──────── SOURCE INFORMATION ────────
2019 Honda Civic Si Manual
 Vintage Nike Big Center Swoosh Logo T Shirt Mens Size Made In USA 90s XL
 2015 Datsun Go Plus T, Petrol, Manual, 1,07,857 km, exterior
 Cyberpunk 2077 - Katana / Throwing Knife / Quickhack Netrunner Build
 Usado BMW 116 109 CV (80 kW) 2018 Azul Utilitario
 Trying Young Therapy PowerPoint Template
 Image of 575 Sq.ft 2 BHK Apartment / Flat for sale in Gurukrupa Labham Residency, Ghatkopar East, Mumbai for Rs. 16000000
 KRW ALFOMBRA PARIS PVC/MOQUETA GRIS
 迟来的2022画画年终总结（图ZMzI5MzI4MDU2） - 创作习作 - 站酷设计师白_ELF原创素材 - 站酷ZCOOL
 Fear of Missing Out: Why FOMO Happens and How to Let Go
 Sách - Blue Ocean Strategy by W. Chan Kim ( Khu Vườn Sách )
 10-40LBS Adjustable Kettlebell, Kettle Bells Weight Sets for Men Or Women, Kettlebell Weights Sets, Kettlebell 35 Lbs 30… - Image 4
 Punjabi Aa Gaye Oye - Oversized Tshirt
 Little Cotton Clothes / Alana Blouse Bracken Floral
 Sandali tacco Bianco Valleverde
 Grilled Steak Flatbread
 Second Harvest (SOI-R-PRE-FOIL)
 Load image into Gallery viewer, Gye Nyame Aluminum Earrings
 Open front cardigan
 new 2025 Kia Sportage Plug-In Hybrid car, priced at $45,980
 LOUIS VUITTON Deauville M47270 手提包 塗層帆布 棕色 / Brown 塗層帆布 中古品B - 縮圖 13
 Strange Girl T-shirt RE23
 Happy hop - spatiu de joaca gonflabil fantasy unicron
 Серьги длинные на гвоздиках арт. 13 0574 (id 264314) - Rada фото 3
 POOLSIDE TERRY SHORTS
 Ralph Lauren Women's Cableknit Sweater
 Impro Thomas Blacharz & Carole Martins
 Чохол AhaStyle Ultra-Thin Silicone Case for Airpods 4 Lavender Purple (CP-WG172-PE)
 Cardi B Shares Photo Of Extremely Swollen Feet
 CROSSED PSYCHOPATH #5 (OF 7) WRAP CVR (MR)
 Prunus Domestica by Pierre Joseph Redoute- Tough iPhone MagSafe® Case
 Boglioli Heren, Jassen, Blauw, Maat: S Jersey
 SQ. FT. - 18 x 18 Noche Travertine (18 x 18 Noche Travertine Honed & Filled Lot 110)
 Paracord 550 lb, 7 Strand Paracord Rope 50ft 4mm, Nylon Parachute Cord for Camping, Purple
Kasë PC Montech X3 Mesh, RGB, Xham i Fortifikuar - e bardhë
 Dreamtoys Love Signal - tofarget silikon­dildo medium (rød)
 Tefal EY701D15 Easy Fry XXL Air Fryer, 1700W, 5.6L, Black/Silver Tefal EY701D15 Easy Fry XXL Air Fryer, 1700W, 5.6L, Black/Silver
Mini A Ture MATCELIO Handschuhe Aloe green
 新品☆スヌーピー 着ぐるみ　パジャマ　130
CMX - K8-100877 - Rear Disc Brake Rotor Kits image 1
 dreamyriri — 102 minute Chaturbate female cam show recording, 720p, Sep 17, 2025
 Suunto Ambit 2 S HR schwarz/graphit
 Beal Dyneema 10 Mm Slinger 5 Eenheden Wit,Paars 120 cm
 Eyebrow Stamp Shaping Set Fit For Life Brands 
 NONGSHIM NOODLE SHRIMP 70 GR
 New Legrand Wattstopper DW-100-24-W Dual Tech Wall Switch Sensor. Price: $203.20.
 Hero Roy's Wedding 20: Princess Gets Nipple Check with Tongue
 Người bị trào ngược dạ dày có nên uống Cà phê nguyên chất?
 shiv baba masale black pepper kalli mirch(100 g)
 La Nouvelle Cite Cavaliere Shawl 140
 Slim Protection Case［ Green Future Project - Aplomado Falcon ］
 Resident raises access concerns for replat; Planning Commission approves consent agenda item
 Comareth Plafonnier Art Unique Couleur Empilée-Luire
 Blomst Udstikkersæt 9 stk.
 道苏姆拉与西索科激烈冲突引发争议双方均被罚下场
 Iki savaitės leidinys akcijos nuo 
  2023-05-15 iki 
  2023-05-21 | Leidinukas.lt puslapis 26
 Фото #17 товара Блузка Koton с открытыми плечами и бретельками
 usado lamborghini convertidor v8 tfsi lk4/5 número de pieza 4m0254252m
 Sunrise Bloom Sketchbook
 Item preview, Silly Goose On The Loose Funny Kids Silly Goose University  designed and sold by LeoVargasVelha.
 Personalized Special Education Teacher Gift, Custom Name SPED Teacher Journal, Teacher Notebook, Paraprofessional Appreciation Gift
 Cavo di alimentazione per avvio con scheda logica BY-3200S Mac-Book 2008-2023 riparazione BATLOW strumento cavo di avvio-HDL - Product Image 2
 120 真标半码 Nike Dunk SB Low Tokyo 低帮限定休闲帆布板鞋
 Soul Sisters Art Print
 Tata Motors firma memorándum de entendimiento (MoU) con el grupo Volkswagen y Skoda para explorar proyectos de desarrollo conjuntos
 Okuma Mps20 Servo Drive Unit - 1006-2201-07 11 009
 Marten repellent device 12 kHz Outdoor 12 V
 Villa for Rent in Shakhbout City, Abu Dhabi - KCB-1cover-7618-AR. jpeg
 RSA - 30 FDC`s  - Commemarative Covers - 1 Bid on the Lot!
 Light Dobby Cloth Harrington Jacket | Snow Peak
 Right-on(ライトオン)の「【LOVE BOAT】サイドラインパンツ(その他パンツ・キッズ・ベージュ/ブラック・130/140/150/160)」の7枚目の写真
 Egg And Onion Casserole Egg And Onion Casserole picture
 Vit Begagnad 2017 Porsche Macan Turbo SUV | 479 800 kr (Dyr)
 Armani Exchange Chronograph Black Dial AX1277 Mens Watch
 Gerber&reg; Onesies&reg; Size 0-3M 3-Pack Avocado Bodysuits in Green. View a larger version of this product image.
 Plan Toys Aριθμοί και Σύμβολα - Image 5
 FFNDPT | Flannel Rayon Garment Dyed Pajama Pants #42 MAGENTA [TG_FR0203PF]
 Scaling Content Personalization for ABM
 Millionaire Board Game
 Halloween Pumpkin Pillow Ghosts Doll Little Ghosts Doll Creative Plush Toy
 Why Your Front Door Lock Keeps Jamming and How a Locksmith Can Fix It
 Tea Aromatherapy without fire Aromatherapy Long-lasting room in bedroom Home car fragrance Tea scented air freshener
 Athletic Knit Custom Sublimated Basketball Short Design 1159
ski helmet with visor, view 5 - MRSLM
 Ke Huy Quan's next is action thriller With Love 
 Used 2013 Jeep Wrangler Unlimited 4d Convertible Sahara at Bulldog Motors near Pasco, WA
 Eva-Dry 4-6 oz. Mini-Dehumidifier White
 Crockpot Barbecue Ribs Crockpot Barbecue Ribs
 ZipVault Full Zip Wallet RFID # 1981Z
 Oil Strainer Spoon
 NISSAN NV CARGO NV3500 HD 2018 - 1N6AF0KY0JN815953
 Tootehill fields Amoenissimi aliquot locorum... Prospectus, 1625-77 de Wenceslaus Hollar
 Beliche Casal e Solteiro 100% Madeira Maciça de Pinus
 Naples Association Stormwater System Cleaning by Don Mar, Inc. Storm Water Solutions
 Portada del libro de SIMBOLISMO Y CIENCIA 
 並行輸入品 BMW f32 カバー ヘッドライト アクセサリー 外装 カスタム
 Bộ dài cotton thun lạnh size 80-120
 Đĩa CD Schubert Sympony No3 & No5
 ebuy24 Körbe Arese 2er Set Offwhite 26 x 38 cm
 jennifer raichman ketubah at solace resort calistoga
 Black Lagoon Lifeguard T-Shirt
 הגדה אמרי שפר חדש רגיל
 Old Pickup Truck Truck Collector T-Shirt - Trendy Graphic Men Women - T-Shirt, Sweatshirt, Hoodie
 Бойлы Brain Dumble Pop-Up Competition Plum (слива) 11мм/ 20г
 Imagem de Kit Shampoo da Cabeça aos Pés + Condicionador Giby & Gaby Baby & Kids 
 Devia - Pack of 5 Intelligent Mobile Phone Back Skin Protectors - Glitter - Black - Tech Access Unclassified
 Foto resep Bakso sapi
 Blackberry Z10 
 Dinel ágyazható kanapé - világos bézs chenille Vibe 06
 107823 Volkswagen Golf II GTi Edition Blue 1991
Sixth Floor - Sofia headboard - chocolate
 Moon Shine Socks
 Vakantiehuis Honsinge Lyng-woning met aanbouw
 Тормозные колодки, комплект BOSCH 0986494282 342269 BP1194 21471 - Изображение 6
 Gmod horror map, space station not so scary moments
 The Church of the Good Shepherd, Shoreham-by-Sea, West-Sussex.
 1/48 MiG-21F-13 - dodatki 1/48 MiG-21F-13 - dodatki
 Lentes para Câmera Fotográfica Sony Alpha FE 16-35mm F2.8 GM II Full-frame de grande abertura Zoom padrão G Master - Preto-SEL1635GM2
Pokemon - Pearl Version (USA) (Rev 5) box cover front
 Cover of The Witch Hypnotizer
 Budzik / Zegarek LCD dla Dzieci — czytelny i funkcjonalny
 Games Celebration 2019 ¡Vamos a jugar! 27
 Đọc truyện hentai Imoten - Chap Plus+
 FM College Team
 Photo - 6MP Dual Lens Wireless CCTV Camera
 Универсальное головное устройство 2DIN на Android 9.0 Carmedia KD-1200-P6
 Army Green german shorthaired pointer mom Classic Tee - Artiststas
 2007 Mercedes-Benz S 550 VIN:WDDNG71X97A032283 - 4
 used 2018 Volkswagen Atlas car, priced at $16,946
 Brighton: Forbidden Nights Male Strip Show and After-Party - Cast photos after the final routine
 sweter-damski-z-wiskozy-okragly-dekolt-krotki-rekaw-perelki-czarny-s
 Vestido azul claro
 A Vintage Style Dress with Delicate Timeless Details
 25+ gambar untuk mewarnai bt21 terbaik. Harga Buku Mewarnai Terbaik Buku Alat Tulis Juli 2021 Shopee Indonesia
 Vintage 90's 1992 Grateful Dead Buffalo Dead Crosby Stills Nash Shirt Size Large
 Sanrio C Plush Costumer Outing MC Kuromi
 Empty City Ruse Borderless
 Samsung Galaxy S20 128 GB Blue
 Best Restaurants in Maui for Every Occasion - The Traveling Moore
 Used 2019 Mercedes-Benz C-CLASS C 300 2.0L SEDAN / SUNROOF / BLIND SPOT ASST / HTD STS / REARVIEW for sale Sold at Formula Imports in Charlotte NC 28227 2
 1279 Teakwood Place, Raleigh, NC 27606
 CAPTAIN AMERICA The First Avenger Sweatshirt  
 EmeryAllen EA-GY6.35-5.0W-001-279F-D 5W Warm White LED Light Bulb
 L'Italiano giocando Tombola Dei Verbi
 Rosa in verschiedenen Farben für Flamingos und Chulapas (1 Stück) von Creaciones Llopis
────────
**DIRECTIONS FOR THIS TASK:** Begin with the first line of the data above and, please, print each line exactly until you have printed the line containing "Dreamtoys Love Signal"; print nothing else.

**RESULT:**
2019 Honda Civic Si Manual
 Vintage Nike Big Center Swoosh Logo T Shirt Mens Size Made In USA 90s XL
 2015 Datsun Go Plus T, Petrol, Manual, 1,07,857 km, exterior
 Cyberpunk 2077 - Katana / Throwing Knife / Quickhack Netrunner Build
 Usado BMW 116 109 CV (80 kW) 2018 Azul Utilitario
 Trying Young Therapy PowerPoint Template
 Image of 575 Sq.ft 2 BHK Apartment / Flat for sale in Gurukrupa Labham Residency, Ghatkopar East, Mumbai for Rs. 16000000
 KRW ALFOMBRA PARIS PVC/MOQUETA GRIS
 迟来的2022画画年终总结（图ZMzI5MzI4MDU2） - 创作习作 - 站酷设计师白_ELF原创素材 - 站酷ZCOOL
 Fear of Missing Out: Why FOMO Happens and How to Let Go
 Sách - Blue Ocean Strategy by W. Chan Kim ( Khu Vườn Sách )
 10-40LBS Adjustable Kettlebell, Kettle Bells Weight Sets for Men Or Women, Kettlebell Weights Sets, Kettlebell 35 Lbs 30… - Image 4
 Punjabi Aa Gaye Oye - Oversized Tshirt
 Little Cotton Clothes / Alana Blouse Bracken Floral
 Sandali tacco Bianco Valleverde
 Grilled Steak Flatbread
 Second Harvest (SOI-R-PRE-FOIL)
 Load image into Gallery viewer, Gye Nyame Aluminum Earrings
 Open front cardigan
 new 2025 Kia Sportage Plug-In Hybrid car, priced at $45,980
 LOUIS VUITTON Deauville M47270 手提包 塗層帆布 棕色 / Brown 塗層帆布 中古品B - 縮圖 13
 Strange Girl T-shirt RE23
 Happy hop - spatiu de joaca gonflabil fantasy unicron
 Серьги длинные на гвоздиках арт. 13 0574 (id 264314) - Rada фото 3
 POOLSIDE TERRY SHORTS
 Ralph Lauren Women's Cableknit Sweater
 Impro Thomas Blacharz & Carole Martins
 Чохол AhaStyle Ultra-Thin Silicone Case for Airpods 4 Lavender Purple (CP-WG172-PE)
 Cardi B Shares Photo Of Extremely Swollen Feet
 CROSSED PSYCHOPATH #5 (OF 7) WRAP CVR (MR)
 Prunus Domestica by Pierre Joseph Redoute- Tough iPhone MagSafe® Case
 Boglioli Heren, Jassen, Blauw, Maat: S Jersey
 SQ. FT. - 18 x 18 Noche Travertine (18 x 18 Noche Travertine Honed & Filled Lot 110)
 Paracord 550 lb, 7 Strand Paracord Rope 50ft 4mm, Nylon Parachute Cord for Camping, Purple
Kasë PC Montech X3 Mesh, RGB, Xham i Fortifikuar - e bardhë
 Dreamtoys Love Signal - tofarget silikon­dildo medium (rød)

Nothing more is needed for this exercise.